[INPUT DATA Boundary: Start]

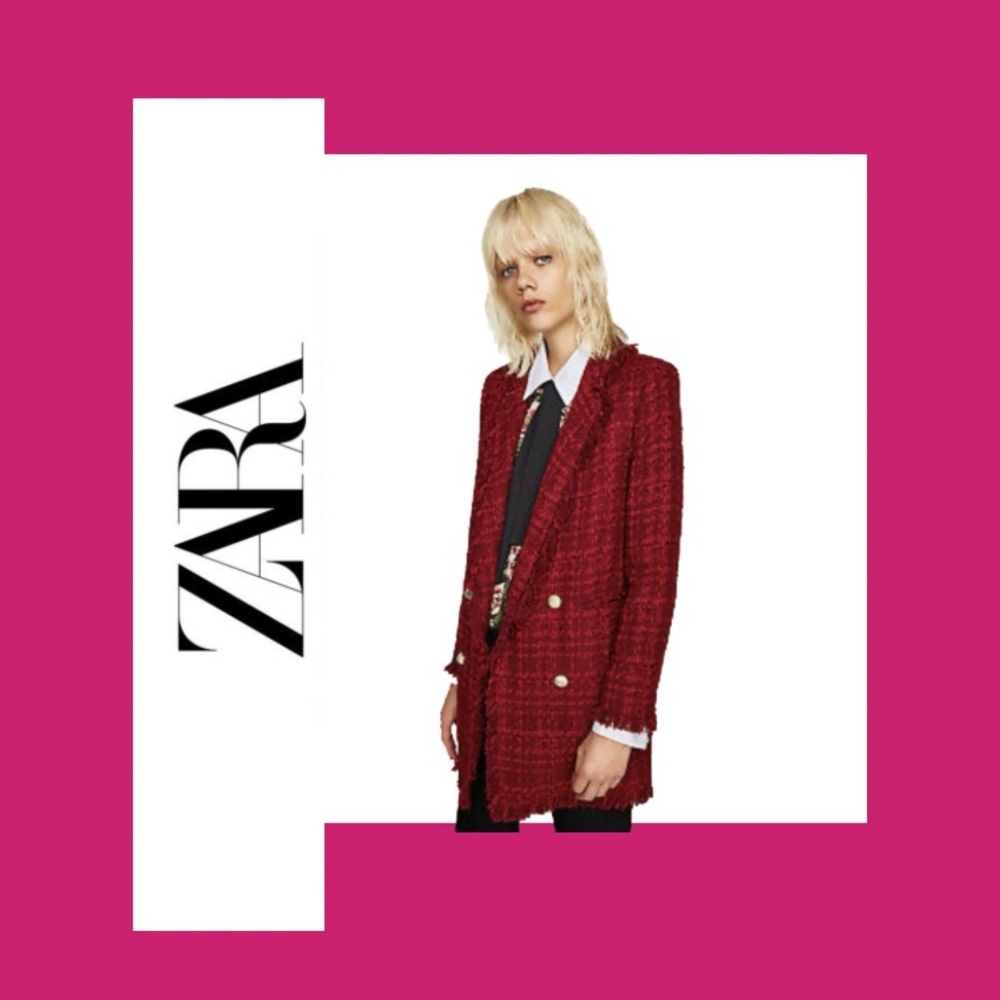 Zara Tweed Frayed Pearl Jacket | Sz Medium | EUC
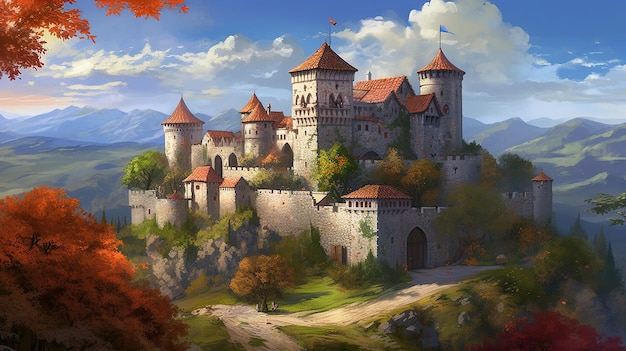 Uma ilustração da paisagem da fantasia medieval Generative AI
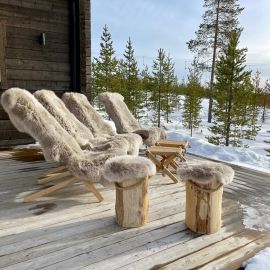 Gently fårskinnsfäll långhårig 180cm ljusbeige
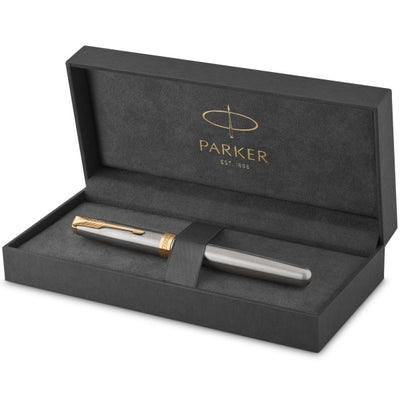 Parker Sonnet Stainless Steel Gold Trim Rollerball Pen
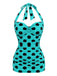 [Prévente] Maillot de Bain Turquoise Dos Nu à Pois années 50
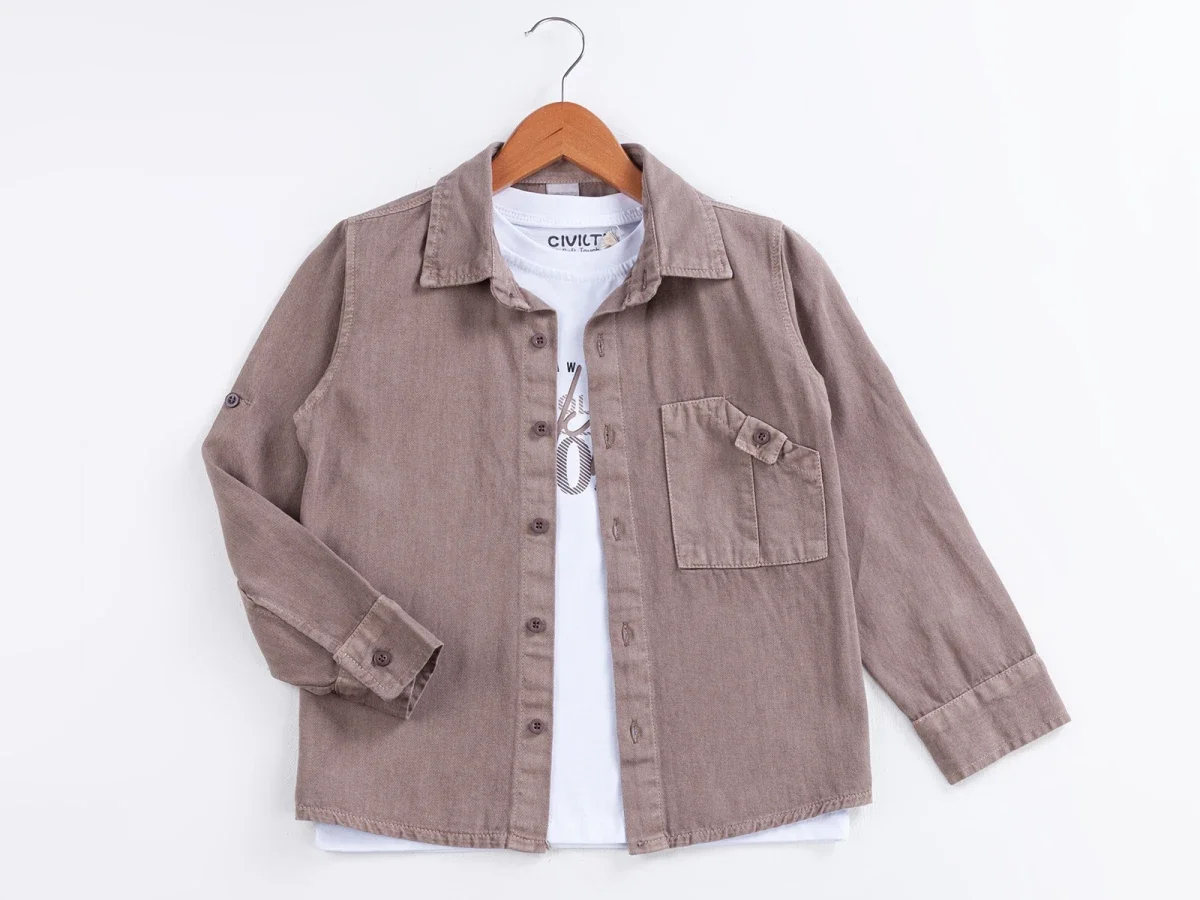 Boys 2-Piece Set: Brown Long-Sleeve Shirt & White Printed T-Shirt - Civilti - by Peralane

[INPUT DATA Boundary: End]

Exactly as written, restate the lines above from the opening line through the one holding "[Prévente] Maillot de", omitting the pictures.

ANSWER BOX:
 Zara Tweed Frayed Pearl Jacket | Sz Medium | EUC
 Uma ilustração da paisagem da fantasia medieval Generative AI
 Gently fårskinnsfäll långhårig 180cm ljusbeige
 Parker Sonnet Stainless Steel Gold Trim Rollerball Pen
 [Prévente] Maillot de Bain Turquoise Dos Nu à Pois années 50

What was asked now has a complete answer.